Мысленно я вернулся к тем папкам, которые были собраны у нас в отделе. И снова успокоил себя мыслью, что если нет огнестрельного оружия, то всё не так плохо.
Вообще-то достать пистолет обычному человеку в это время невероятно сложно. Террористам такого рода проще использовать обрезы охотничьих ружей. Их пронести довольно просто под плащом или пальто. Но не в жарком июле месяце. А я ведь писал справку и рекомендации по усилению контроля в аэропортах. Что-то менялось в правилах прохождения проверки пассажиров, но несильно.
В шестидесятых годах угонщики умудрялись угрожать ножами. Это позже стали добывать огнестрел. Самым известным и кровавым был захват Ан-24, летевшего рейсом Батуми — Сухуми — Краснодар. Погибла стюардесса Надежда Курченко, ранены командир экипажа, штурман, бортмеханик. Угонщики выстрелили двадцать четыре раза. Это был первый и самый нашумевший случай, связанный со смертью члена экипажа.
Указом Президиума Верховного Совета СССР за мужество и самоотверженность при спасении людей на воздушном судне бортпроводнице Надежде Курченко была посмертно присвоена награда — орден боевого Красного Знамени.
У меня по отношению к этому событию было неоднозначное мнение, поскольку считал, что экипаж не был подготовлен и не знал, как себя вести во время угона самолёта. Особо проявила себя двадцатилетняя Надежда. Ей дали записку и попросили спокойно отнести командиру. И что она сделала? С воплями «Нападение!» помчалась в кабину экипажа, чем и распалила террористов.
А между прочим, простые правила поведения бортпроводников в нестандартных ситуациях изучали и в далёком 70-м году. Случись пожар или другая неординарная ситуация, стюардесса всегда должна быть спокойной и не демонстрировать панику пассажирам. Могла же Надежда Курченко с милой улыбкой дойти до кабины, отдать записку и ждать. Пусть меня кто осудит, но я считаю, что Курченко оказалась клинической дурой. Сама криками спровоцировала стрельбу, сама себя подставила, загораживая пилотов. Пассажирам конкретно повезло, что не убили всех членов экипажа и случайный выстрел не попал в иллюминатор.
Позже Надежде Курченко поставили памятник, сняли фильм, группа «Цветы» исполняла сентиментальную песню «Звёздочка моя ласковая», якобы посвящённую погибшей стюардессе. Замять громкое дело у комитетчиков не получилось. По этой причине решили сделать из девушки героиню.

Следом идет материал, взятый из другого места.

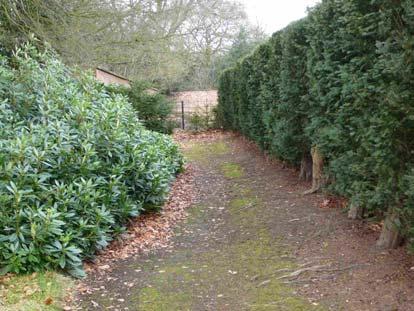 - Bound gravel path adjacent to the south wall/holly Walk: excavated in the early 2000s, this is a section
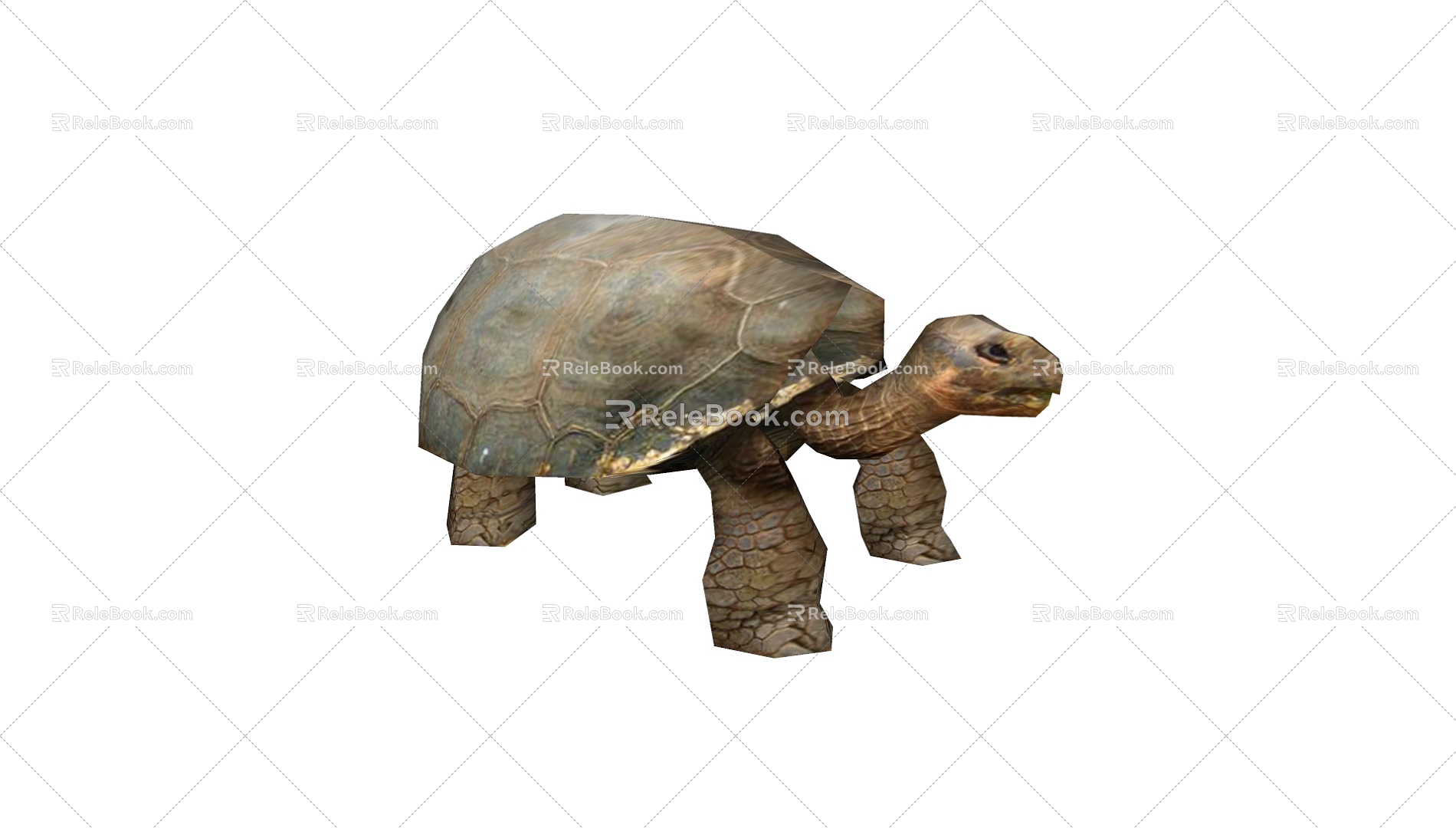 Turtle 3d model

Страна радостно подхватила идею. Пионерские отряды носили имя Надежды Курченко, её сомнительный подвиг ставился в пример. Хорошо, что позже стюардесс стали натаскивать на нестандартные ситуации.
Те террористы имели неплохое вооружение: пистолеты, охотничье ружьё и ещё у одного висела на груди граната.
Глядя на тех, кто угрожал нам, я совсем успокоился. Своей бомбой они могут только пугать, сами же не представляют опасности для сидящих рядом людей.